Throughout his releases so far there has been this running parallel with music from seemingly unconnected places. Of course at its heart is the uncompromising and glorious sound of the Deep South but this sits alongside music from equally identifiable and special histories. Here is music that manages to transcend any one category and highlights the unexpected similarities of music from wholly different cultures .
River is released via the wonderful Three Lobed Recordings organisation and the river in question here is the Rappahannock that runs from the Blue Ridge mountains to Chesapeake Bay on the east coast. The opening, and wonderfully extended, track Won’t You Cross Over To That Other Shore, manages to blend the South with Indian Raga and Spanish flamenco and that deep drone bass note; growing, turning and developing into a thing all of its own, a remarkable piece.

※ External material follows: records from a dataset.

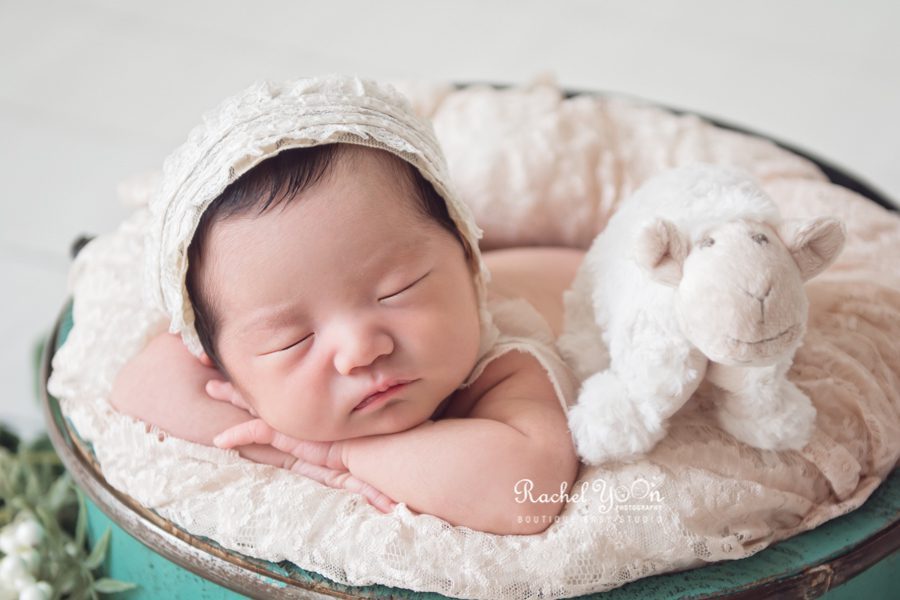 newborn baby girl with a lamb - newborn photography vancouver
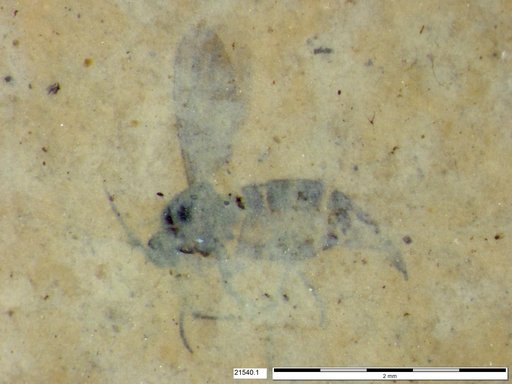 Sciaridae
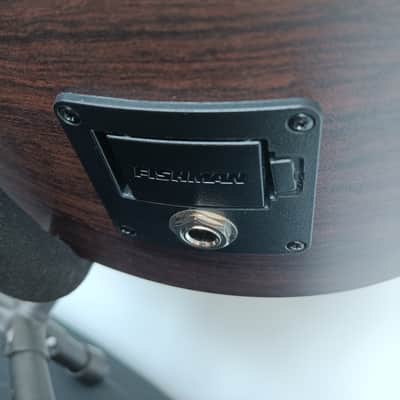 Martin X-Series Custom w/Bag image 5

The next two shorter tracks – Levee (a Jack Rose song) with all its slide chords and picked melodies is so redolent of a countryside I have never seen but feel like I have always known, from countless movies and travelogs; and Farnham (by William Moore) a brief pastoral piece you feel you should know from some race memory; they both set you up for Song for the Setting Sun parts I and II.
These two tracks are a rather joyous affair made up really of a number of shorter, different but connecting stanzas, all showing off the disarming ease that Bachman has with his extraordinary playing.
Old Country Rock couldn’t be more like its says in its title if it tried, and the closer track, a reprise of the opening track, creates a closing loop to the album, making it a circle, a whole and rounded piece.
Perhaps Bachman’s most complete and satisfying set set yet (though all are more than worthy of attention) his playing is ever more assured and purposeful and the fact that it was recorded over one single day and hasn’t been meddled with, no tweaks, no over-dubs, means its authenticity is complete, an honest and heartfelt suite all the more right for the sounds and noises that others may have stripped out in post production. Bachmans first ‘proper’ studio effort, the recording is wonderful and intimate, thing of beauty, emotion and honesty.